The major European MONICA project with participants from nine countries in total has moved a step closer to its goal. It did so recently when a group of researchers from DTU Electrical Engineering moved their tests from the protected lab environment to Refshaleøen, the Copenhagen island where, among other events, the big rock and metal festival COPENHELL is held each year.
At Refshaleøen, the researchers set up a test system with a total of 30 large speakers. 10 of the speakers were at the front, acting in the same way as the speakers used by a band to warm up the crowd. Behind the fictional crowd area was a new series of 20 speakers designed to ‘swallow’ some of the sound so that it would not reach the area behind the crowd. The area where neighbours typically feel bothered.
“It was so exciting to take our set-ups out into the real world and test them under some of the same conditions that we can find at open-air concerts. We got excellent measurement results, proving that our theses are holding up and that it is possible to reduce sound in the ‘Dark Zone’ behind the audience”, says Diego Caviedes Nozal, PhD student at DTU Electrical Engineering, a member of the team of 8.

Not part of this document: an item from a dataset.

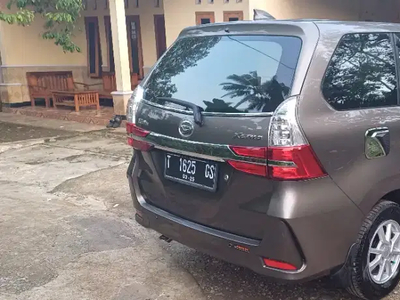 Daihatsu Xenia 2019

Measurement data used as model input
As the weather was excellent during the measurement session, the researchers have yet to see how the set-up works under strong wind or rain conditions.

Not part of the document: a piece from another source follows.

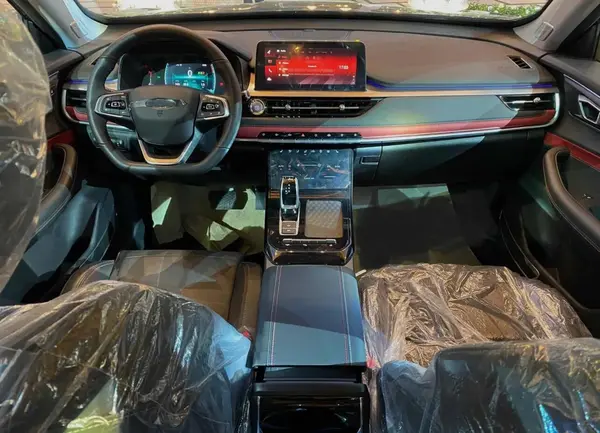 فونیکس، تیگو 7 پرو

But the team successfully got more than 100 measurements with a total of 20 microphones at different locations in each of the two zones—the crowd area and the neighbouring area behind.
Data from the many measurements will be used over the coming year to design the first version of a model that will be used to adapt sound levels to different conditions.
“Our next measurement venues will be the Kappa Futur festival in Turin, Italy, in early July and Friday Rock in Tivoli, Copenhagen, in late August. Data from these measurements will also enrich the future model. The long-term idea is that the model should be able to ‘keep up’ and change settings when, for example, the temperature drops so that the speed of sound changes. This way, we can best eliminate noise nuisance for neighbours under different wind and temperature conditions,” says Diego.
Another major challenge is to take into account the geometry of the area with different buildings and other elements that can affect the sound waves. But Diego describes the initial results of their tests at Refshaleøen as very promising and hope that they can have a model on the table sometime during 2019.